18 decapitações? Não tinha contado, apesar de perceber terem sido muitas, hehe. Sério, esse é um dos melhores filmes Burton X Depp. Tenso, bem construído e com uma atmosfera de suspense incrível. E no final, o "coitado" do cavaleiro só queria o que era dele. kkk;

bjs

Anônimo disse...

oi!
sempre me espanto quando alguem, alem de mim, visita meu blog. fico feliz por ter gostado. nao somente pela visita, mas por que vc escreve muito bem. quando o elogio vem de pessoas como vc fico realmente encantado.

esta em que ano de jornalismo?
abrass

Wallace Andrioli Guedes disse...

Grande filme, um dos melhores do Burton (acho que só perde pra EDWARD MÃOS-DE-TESOURA e ED WOOD).

Catarina Norte disse...

Adorei a tua crítica!

Eu sou uma burtoniana inveterada...amo o ambiente tão gótico como belo, tão estranho quanto poético, que só Burton consegue criar!
Quanto a Sleepy Hollow, é um óptimo filme, com uma atmosfera gótica, densa, visualmente sombria mas fascinante! Johnny Depp é, como sempre, magnífico e o seu Ichabod Crane é,simultaneamente, frágil, cómico, nervoso e covarde, contudo atraente. Como disseste, Christina Ricci é uma pequena luz de feminilidade e sedução e os outros actores são também excelentes (Christopher Walker é memorável)! Por último, a música de Danny Elfman, já inseparável do universo Burton, abrilhante e enriquece ainda mais este "clássico conto de horror macabro"!

Abraço

Leco Vilela disse...

quero assistir "O mundo imaginário do Dr. Parnassus"...

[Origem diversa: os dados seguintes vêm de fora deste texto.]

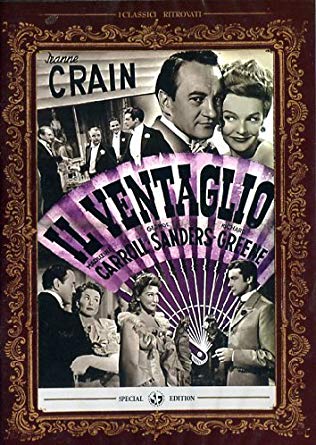 Buy this film on Amazon link
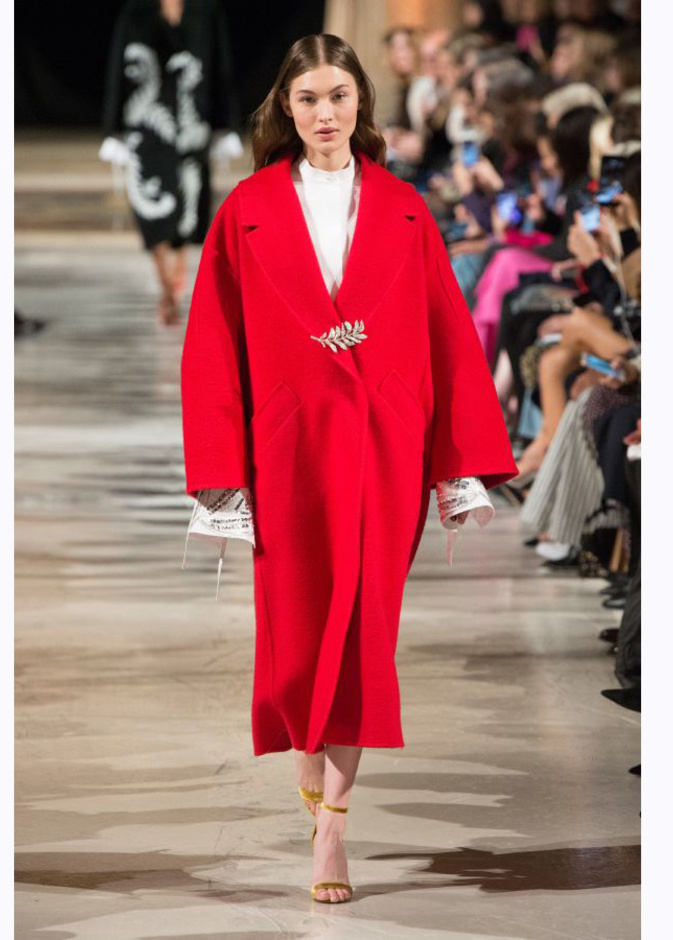 Erdem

ansioso, o trailer tá ótimo!

Bruno Cunha disse...

Não acho a melhor obra de Tim Burton como parece que intitulas, aliás, este é o filme que menos gosto de realizador até porque o gore está lá mas, no entanto, pensa que funciona numa fita descabida sem saber exactamente o seu propósito.

Abraço
Cinema as my World

GabrielSig disse...

Bem violento, o burton é meio alucinado as vezes, não é o tipo de filme que eu prefiro ver! Acho que ele passa do limite da imaginação e isso o faz diferente, algumas pessoas adoram, outras menos! abcs

joyce Pretah disse...

um dos filmes de burton que mais gosto....

e mais uma parceria com depp,que é um camaleão maravilhoso....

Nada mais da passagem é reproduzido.